While no total figure of damages sought was explicitly stated in court documents, the papers stated that Ms Angara was employed as a marketing director with Mastercard Asia/Pacific at the time, with an annual income of S$252,600 per year excluding bonuses.
This income was likely to increase progressively over the next 25 years, with the lawyers estimating that it would have tripled to at least S$757,800 per year over this period.
Her husband and children were dependent on her for support, said court documents, and her death meant the loss of this support on top of Mr Rouch-Sirech's bereavement.
Mr Rouch-Sirech is also claiming S$5,000 in damages for pain and suffering, about S$23,000 in legal costs for the coroner's inquiry, S$6,500 for funeral expenses and S$5,100 for administrative matters.
In its defence documents seen by CNA, NParks rejected the allegation that its negligence, or that of its servants and agents, caused the collapse of the tree.
It said it had "implemented a system to ensure that the Tembusu tree was inspected and maintained regularly to ensure that it was in a healthy condition".
The tree was regularly inspected and maintained before the incident, with a regime in place that was "guided by best management practices promulgated by the internationally recognised body known as the International Society of Arboriculture".

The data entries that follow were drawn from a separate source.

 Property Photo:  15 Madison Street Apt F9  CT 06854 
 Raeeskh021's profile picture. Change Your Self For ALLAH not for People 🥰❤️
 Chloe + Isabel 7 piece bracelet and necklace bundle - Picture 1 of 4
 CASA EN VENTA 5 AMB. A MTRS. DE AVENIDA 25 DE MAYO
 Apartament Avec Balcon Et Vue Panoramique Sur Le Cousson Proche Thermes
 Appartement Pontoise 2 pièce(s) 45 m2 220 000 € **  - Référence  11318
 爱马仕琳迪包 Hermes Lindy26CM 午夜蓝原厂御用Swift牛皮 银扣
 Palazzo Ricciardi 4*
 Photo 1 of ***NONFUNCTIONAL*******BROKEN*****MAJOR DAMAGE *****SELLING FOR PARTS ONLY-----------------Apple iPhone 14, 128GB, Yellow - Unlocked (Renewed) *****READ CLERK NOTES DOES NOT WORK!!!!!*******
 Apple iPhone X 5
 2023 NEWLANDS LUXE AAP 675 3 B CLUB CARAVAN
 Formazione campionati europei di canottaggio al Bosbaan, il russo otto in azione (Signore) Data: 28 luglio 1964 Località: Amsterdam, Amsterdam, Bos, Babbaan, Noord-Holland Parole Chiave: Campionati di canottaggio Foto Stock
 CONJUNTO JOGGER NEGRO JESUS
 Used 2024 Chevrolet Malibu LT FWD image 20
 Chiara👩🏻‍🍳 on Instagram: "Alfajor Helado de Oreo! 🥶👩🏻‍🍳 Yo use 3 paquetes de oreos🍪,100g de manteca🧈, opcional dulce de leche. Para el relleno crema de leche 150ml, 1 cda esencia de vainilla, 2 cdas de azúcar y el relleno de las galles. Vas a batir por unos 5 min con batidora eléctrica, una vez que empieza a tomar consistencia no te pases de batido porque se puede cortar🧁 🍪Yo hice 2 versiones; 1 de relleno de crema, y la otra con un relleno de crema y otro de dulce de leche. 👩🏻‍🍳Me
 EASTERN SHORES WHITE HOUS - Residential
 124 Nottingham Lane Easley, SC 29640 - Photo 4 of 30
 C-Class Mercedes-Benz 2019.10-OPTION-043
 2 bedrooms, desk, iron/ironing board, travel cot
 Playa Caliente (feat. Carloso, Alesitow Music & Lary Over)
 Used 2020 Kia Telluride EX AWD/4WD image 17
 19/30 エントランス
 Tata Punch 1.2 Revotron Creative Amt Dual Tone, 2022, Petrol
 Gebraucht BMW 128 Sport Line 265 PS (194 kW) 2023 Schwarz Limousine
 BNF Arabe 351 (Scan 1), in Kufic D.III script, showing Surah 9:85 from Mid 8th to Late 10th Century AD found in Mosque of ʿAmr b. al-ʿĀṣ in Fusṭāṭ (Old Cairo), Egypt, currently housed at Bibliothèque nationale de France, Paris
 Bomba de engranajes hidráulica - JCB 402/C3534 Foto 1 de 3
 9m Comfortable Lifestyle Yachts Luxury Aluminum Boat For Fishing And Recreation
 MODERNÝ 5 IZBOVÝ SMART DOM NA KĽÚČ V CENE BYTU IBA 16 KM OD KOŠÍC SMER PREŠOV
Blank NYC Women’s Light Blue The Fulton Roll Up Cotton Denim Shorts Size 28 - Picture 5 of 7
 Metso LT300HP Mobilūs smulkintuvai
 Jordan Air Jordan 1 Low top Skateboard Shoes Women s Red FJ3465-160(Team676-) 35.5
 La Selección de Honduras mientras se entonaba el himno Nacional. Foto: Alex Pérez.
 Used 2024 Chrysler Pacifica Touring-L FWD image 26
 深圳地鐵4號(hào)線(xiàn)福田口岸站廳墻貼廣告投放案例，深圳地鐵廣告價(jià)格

The last inspection of the tree, on Sep 29, 2016, assessed it to be healthy, with the tree vigour described as "excellent" and foliage colour as "normal".
There were no external signs of decay on the tree trunk, wrote NParks' lawyers from LVM Law Chambers.
In response to queries from CNA, NParks said: "As the proceedings are ongoing, it would not be appropriate to comment on the matter".
Both sides attended a pre-trial conference in High Court on Tuesday and the civil trial is expected to follow at a later date.